**Records**.
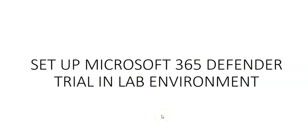Hi, my name is Ashish and in this video we will see how to set up Microsoft 365 Defender trial in a lab environment. We want to experience Microsoft 365 Defender. I have created a few videos in which you enable the trial environment for Microsoft 365 Defender.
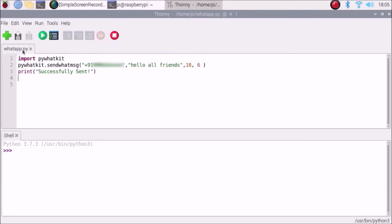Save the code and give it the name 'whatsapp.py'. Remember, when you run this script for the first time you need to scan the QR code just once. After that there is no need to scan the QR code again — just scan once for WhatsApp Web.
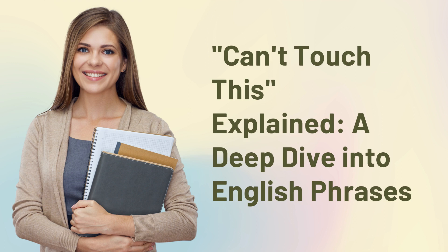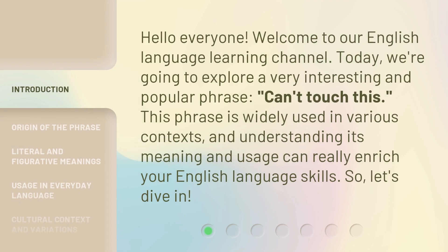Can't touch this, explained. A deep dive into English phrases. Hello everyone, welcome to our English language learning channel. Today we're going to explore a very interesting and popular phrase, can't touch this. This phrase is widely used in various contexts, and understanding its meaning and usage can really enrich your English language skills. So, let's dive in.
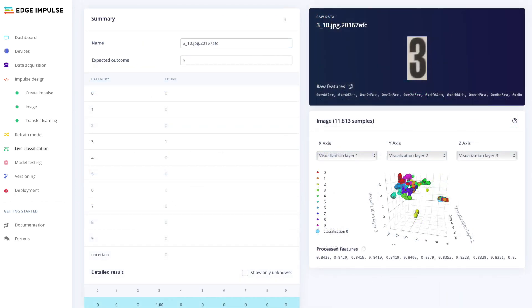Validating your embedded machine learning model to see how it performs is just a click away, via the live classification and model testing tabs, using data that you previously imported into your test dataset.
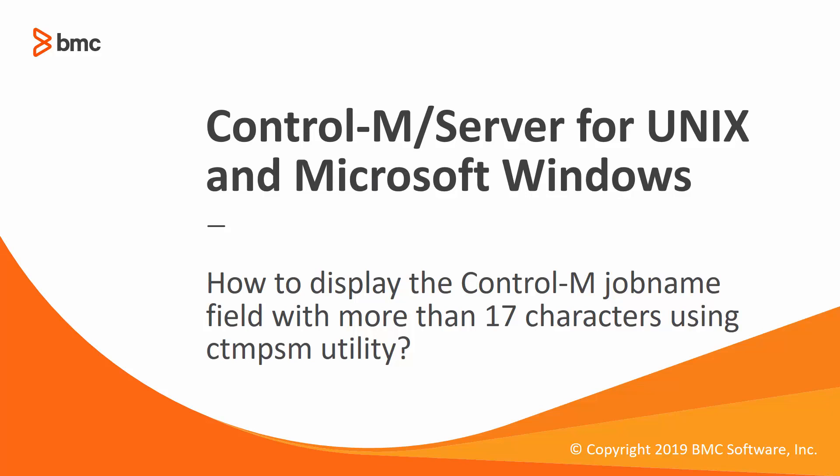Welcome to the support videos for Workload Automation video series. This video will demonstrate how to display the control job name field with more than 17 characters using CTM-PSM utility.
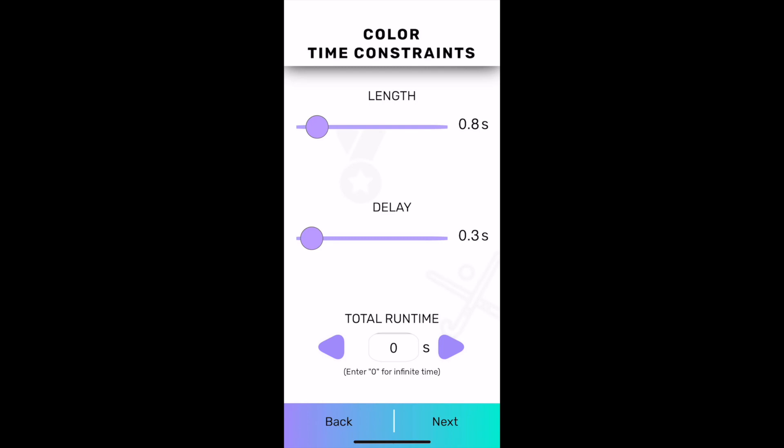The last number is how long the workout will last. If you want the lights to flash indefinitely, then just enter 0. If not, the value is in seconds, so if you want to go for a minute, you'll enter 60 seconds. I'm going to stick with 0 for now.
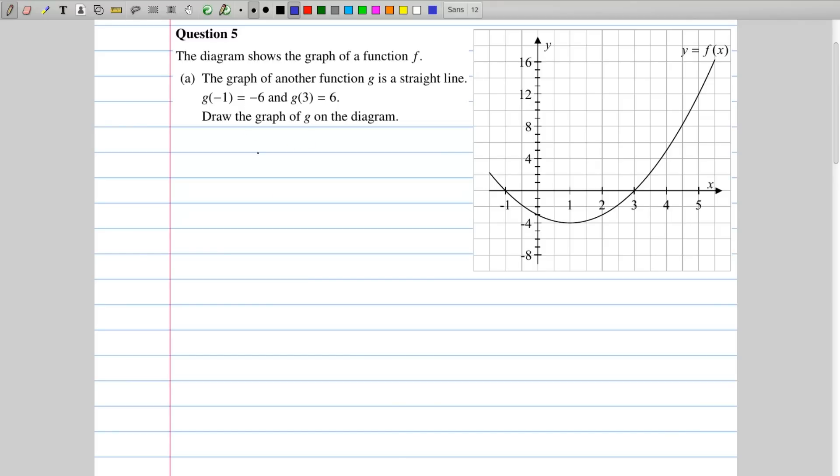Hi, and welcome to OpenLC Solutions. Today we're going to be tackling 2012 Paper 1 Question 5, which is all about functions.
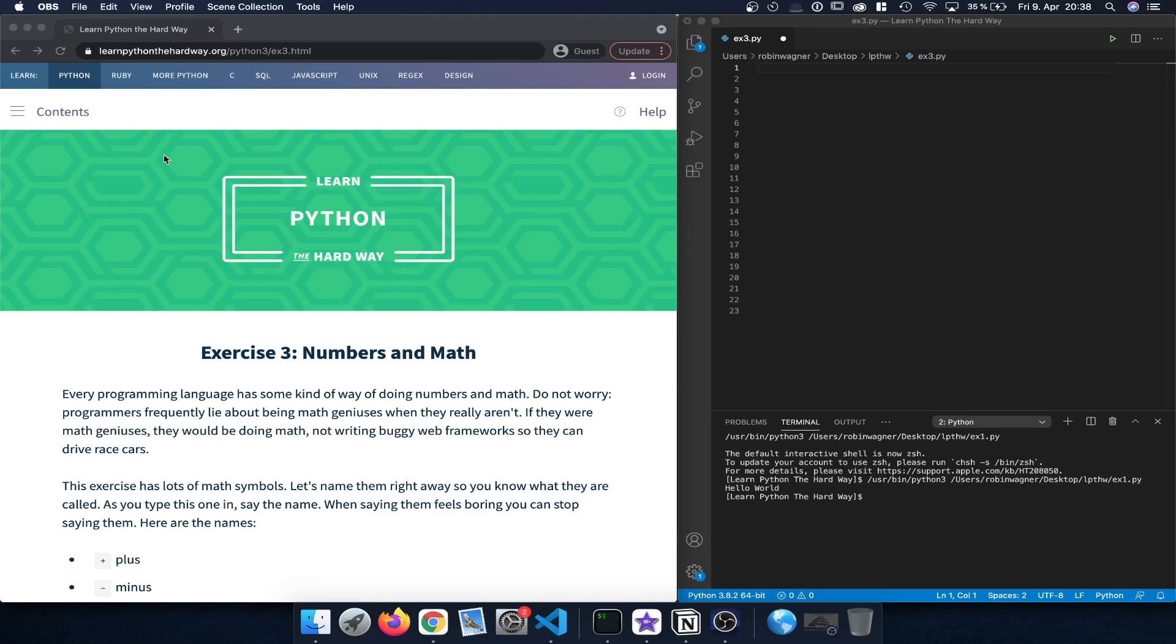Hello everyone, welcome back to exercise 3 in Learn Python the Hard Way, Numbers and Math.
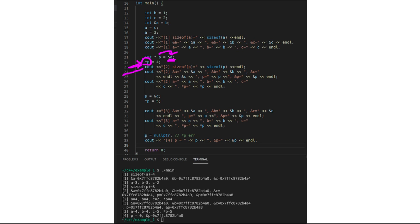Here I print sizeof(p2). The size of a pointer is machine-dependent — on a 64-bit machine it is typically 8 bytes. Notice that the size of the pointer is different from the size of an integer. Also, on the same machine, the size of a pointer is the same regardless of the type it points to — whether it's a char pointer, int pointer, or long integer pointer.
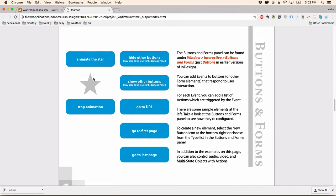So let's go down to the buttons and forms page we were looking at. You can animate the star. Stop the animation. You can also go back to the first page.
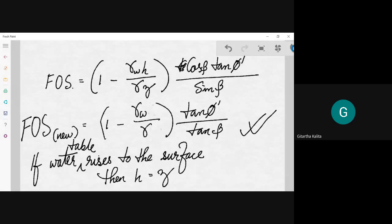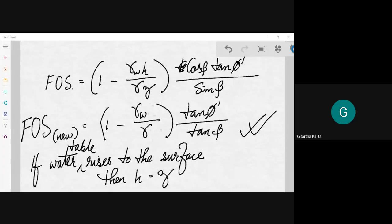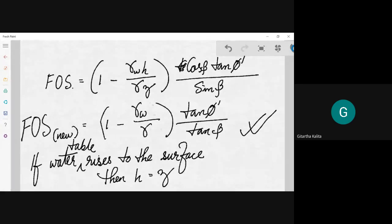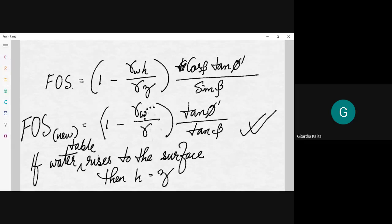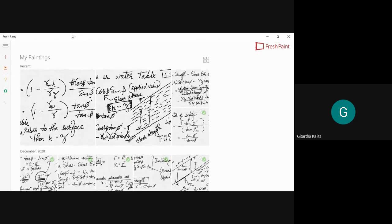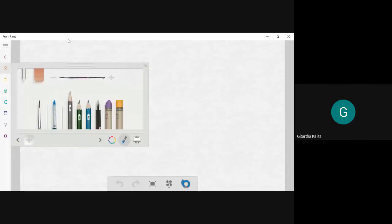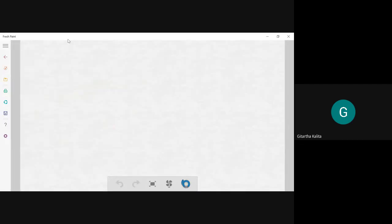I hope that was clear. Now you can simplify further. If you take gamma common within the bracket, it becomes gamma minus gamma_water, giving us the submerged unit weight gamma_sub. So this is one special condition when the water table rises to the surface and h equals z.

**What this task involves**. I'd like the lines above repeated exactly, from the one that contains "The last number" through the one that contains "Hello everyone, welcome back", with no pictures.

**Response**.
The last number is how long the workout will last. If you want the lights to flash indefinitely, then just enter 0. If not, the value is in seconds, so if you want to go for a minute, you'll enter 60 seconds. I'm going to stick with 0 for now.
Hi, and welcome to OpenLC Solutions. Today we're going to be tackling 2012 Paper 1 Question 5, which is all about functions.
Hello everyone, welcome back to exercise 3 in Learn Python the Hard Way, Numbers and Math.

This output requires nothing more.